The often-times overlooked film festival, Slamdance, which takes place in that same quaint ski town of Park City, Utah at the same time as Sundance, is about to begin. While the festival may be much smaller than Sundance, the significance of the films are just as great. Last year, the breakout film HONEY BUDDIES aka BUDDYMOON premiered along with THE TAIL JOB, MAD, and many more. This year, the list looks just as promising and I’m excited to share a few of my recommendations:
In an era where we seem to have to question everything in our environment, “What Lies Upstream” goes against the governmental current to dive into the contamination of our water sources. What are you really drinking? Writer/director Cullen Hoback tackles one of the largest chemical drinking water contaminations to give us information and knowledge about a situation that may not be isolated.
“Beat Beat Heart” takes us on a journey of love, love lost, and the ever-challenging mother-daughter relationship. This film promises to make us laugh and sigh in empathy because we’ve all had a broken heart.
“Suck It Up” finds two former best friends having gone their very separate ways, uniting as they deal with loss. It’s a road trip story of friendship, secrets, and confessions with a few laughs promised as well.

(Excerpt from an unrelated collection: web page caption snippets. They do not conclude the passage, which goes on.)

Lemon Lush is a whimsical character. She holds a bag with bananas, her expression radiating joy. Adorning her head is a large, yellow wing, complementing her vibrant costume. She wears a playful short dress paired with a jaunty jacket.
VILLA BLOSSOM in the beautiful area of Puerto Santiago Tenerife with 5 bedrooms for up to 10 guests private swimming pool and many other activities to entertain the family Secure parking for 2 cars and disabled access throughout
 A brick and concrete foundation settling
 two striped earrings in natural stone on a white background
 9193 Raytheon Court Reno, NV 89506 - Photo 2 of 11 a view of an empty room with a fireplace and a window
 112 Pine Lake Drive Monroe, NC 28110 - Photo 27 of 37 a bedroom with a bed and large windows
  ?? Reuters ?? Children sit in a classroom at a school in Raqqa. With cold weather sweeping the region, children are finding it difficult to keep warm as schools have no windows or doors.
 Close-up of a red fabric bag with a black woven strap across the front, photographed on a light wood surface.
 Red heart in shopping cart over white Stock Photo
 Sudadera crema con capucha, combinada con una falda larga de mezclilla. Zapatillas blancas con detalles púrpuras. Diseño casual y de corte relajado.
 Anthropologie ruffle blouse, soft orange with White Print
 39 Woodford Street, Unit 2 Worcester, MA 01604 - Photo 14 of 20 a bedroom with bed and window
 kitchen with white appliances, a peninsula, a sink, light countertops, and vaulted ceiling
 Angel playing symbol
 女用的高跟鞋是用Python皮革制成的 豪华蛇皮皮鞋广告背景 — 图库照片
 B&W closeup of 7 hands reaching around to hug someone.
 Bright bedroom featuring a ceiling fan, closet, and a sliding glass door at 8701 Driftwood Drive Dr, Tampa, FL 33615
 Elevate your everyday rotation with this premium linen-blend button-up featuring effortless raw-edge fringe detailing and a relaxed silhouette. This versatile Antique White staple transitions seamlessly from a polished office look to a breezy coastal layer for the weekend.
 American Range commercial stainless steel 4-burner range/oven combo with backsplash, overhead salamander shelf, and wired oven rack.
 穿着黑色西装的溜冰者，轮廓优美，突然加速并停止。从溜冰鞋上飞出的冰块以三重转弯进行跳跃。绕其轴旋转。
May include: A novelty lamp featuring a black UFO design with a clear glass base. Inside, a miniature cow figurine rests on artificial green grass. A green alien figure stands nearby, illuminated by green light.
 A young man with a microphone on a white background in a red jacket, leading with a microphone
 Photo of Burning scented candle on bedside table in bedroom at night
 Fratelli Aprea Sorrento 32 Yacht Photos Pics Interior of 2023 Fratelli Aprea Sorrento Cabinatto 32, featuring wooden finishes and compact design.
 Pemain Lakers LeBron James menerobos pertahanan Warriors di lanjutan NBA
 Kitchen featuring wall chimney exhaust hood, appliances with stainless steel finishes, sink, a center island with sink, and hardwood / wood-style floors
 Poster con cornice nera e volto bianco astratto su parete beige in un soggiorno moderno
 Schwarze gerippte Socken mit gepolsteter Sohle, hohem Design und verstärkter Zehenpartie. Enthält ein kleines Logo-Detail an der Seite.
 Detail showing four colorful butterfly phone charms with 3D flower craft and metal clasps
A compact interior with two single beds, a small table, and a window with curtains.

“Dave Made a Maze” brings us on a fantastical journey of what could happen by building a living room fort and then getting trapped inside! It’ll be up to Dave’s girlfriend to rescue him from this magical place full of booby traps and strange creatures.
“Dim the Fluorescents” creates a darkly comic situation as a struggling actress and a playwright must make ends meet, but aren’t willing to give up their craft. The compromise? Get paid to create role-playing demonstrations for corporations.
“Kate Can’t Swim” brings us back to the innocence of young love and the delicate balance of friendships. This promises to be a refreshing look at growing up and the emotional complications associated with it.
“Automatic At Sea” blurs the lines of reality while a young traveler is stranded on an island. Is she even there? “Automatic At Sea” looks like a mind-boggling thriller that will have you glued to every scene.
“Weather House,” set in the future where climate change has made its mark, catapulting housebound residents into bizarre belief systems and actions. It’s sure to be a sometimes funny and ironic film, but may plant a few seeds of fear for our actual future.
“Neighborhood Food Drive” set with Chicago as its backdrop, follows a group of well-meaning misfits as they attempt to better their community. Their misguided intentions may bring some rather unsettling or unexpected results full of humor and drama.
And finally, “Wexford Plaza” focuses upon a lonely strip mall security guard, Betty, and her chance encounter with “deadbeat Danny.” Awkwardly hilarious yet realistic situations promise to unfold as we get to know these two characters.
One of the charming aspects of the Slamdance Film Festival is the fact that a coordinating short film is shown before the feature film, getting you ready for what’s to come. If short films are more your style, they also offer blocks of short films with specific headings such as “Experimental Shorts” and “Documentary Shorts.”